Le «Nadi chabiba al-wataniya al-djazairia» communément appelé «cercle les jeunes algériens» n'appartient plus qu'au souvenir de ceux qui l'ont connu. La démolition de ce lieu de mémoire historique a interpellé plus d'un parmi les habitants craignant de voir tomber dans l'oubli l'héritage des jeunes au tournant du siècle passé. Cet endroit d'une forte image symbolique rappelant un moment important dans l'histoire de la lutte politico-culturelle dans la vie de cette cité. Les changements impliqués par la domination coloniale vécue avec un sentiment de perte expliquent la poussée patriotique, enfin la naissance de ce phénomène jouant sur les valeurs, les droits portés aussi sur l'avenir. Ce lieu est resté attaché au souvenir d'un destin de lutte des jeunes Algériens de la génération de la nouvelle élite avec des comportements suscitant des sentiments nationalistes.

Ces jeunes immergés en rapport avec le nouveau monde s'impliquant dans la complexité de l'évolution s'inscrivaient certes dans un même combat avec celui des jeunes égyptiens et tunisiens et plus largement des jeunes musulmans dans les pays sous domination coloniale.

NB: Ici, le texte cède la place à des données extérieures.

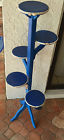 Shells 5 Plant - Ocean 46 Tall Roping Stand Nautical Sea Retro Blue Tier " Wood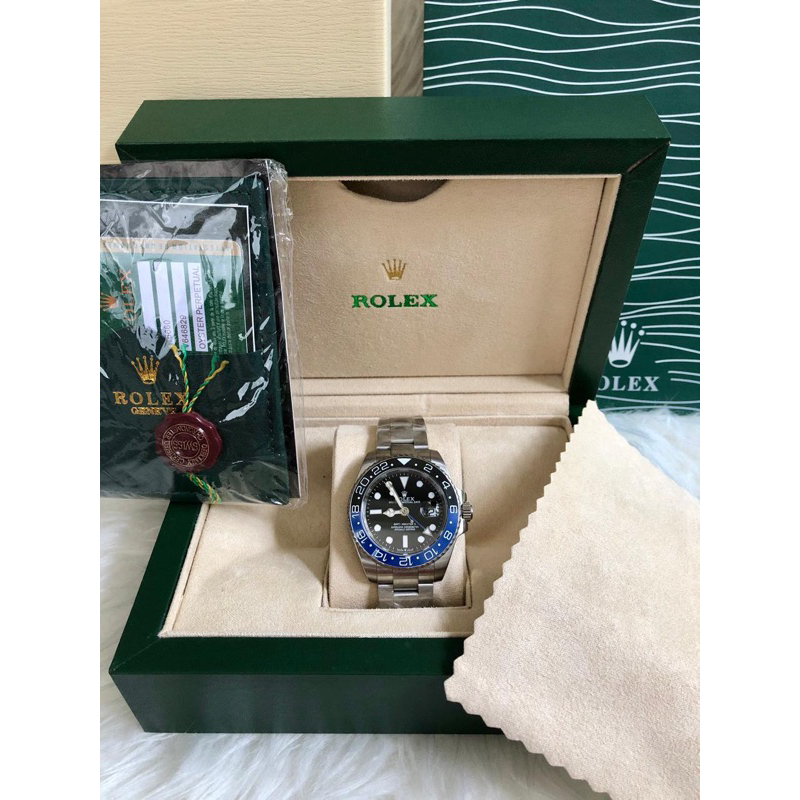 jam tangan pria rolex gmt master ii batman swiss clone arf 904L 1:1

Le cercle les jeunes Algériens continuait certes à rappeler le souvenir des jeunes entrés dans l'histoire à l'aube du XXe siècle marquant les débuts du nationalisme en Algérie. Fondé en 1904, il comptait parmi les autres ou nawadis issus de la sphère des jeunes Algériens nés au même moment avec Nadi Tawfiqiya d'Alger, Nadi Salah Bey de Constantine? fonctionnant en mode modernité interprétée sous l'angle de l'évolution assumant en même temps l'identité. Le cercle des jeunes Algériens est emblématique de ce moment historique important de prise de conscience de la nouvelle élite en faveur du droit, l'émancipation, la liberté.

L'instant des jeunes fut prestigieux. Il allait marquer un changement dans la forme de lutte politique marquée par le début de prise de parole politique de résistance. avec l'émergence de figures de proue de ce mouvement de l'élite avec des personnalités de haute stature, tels Mohamed Agha Bouayad, Abdeslam Aboubekr Abdelkader Midjaoui, Abdelaziz Zenagui, Aboubekr M'rah, Moulay Hassan Baghdadi, Mustapha Benyellès, Mohamed Zerrouki, Mohamed Benblal, Abdelhamid Benachenhou, Abdelkader Mahdad ?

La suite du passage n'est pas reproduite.